Here is an example command to train halfcheetah-medium-v2 offline:
`python -m main_d4rl --ExpID 0000 --env_name=halfcheetah-medium-v2
--std_architecture=linear_layer_stop_grad --exp_name=offline_halfcheetah-medium-v2
--num_q_function=5 --gradient_clipping=10 --num_actions_to_sample=100 --no_noise --not_train_v_func
--seed=0`

`main_d4rl_finetune.py` is the script for the online phase.
Here is an example command to train halfcheetah-medium-v2 online after having completed the offline
phase:
`python -m main_d4rl_finetune --ExpID 0000 --env_name halfcheetah-medium-v2
--deterministic_actions=1 --std_architecture=linear_layer_stop_grad
--exp_name=fine_tuning_halfcheetah-medium-v2
--load_path=./results/Exp0000/halfcheetah-medium-v2/offline_halfcheetah-medium-v2/seed_0/
--num_actions_to_sample=100 --no_noise --action_space_noise=0.2 --num_q_functions=5
--gradient_clipping=10 --not_train_v_func --optimism_parameter=0 --critic_training_iterations=20 --save_freq=5000 --seed=0`

The file `algos_vae_finetune.py` contains the logic for the action-selection mechanism.

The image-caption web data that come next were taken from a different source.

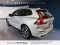 2025 Volvo XC60 - Image 3
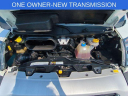 Thumbnail image of 2021 Ram ProMaster at Capital Chrysler Dodge Jeep RAM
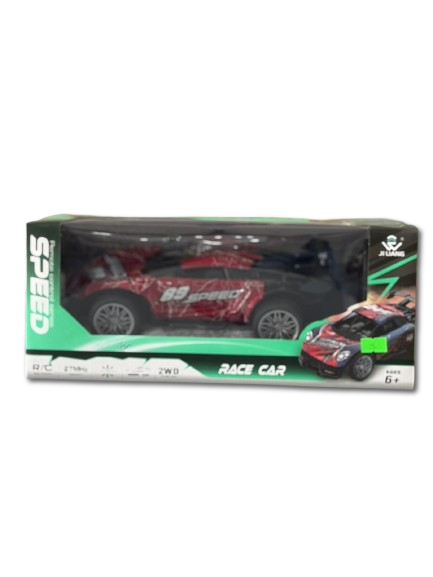 سيارة كهربائية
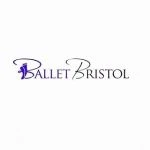 Ballet Bristol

The function
`select_action` takes in parameters `num_actions_to_sample` and `action_space_noise`, creates the
action candidates, and evaluates them using the critic ensemble.


## O3F for IQL

`train_finetune.py` is the script for both offline and online fine-tuning phases. It's based on the
original paper's implementation (https://github.com/ikostrikov/implicit_q_learning).
Here is an example of how to train O3F (IQL) both offline and online:
`python -m train_finetune --env_name=halfcheetah-medium-v2 --seed=0 --max_steps=500000
--config=configs/mujoco_finetune_config.py --num_actions_to_sample=100 --fixed_action_noise=0.2
--critic_ensemble_size=2 --optimism_parameter=0`

The file `policy.py` contains the logic for the action-selection mechanism. The function
`_sample_actions` takes in parameters `num_actions_to_sample` and `fixed_action_noise`.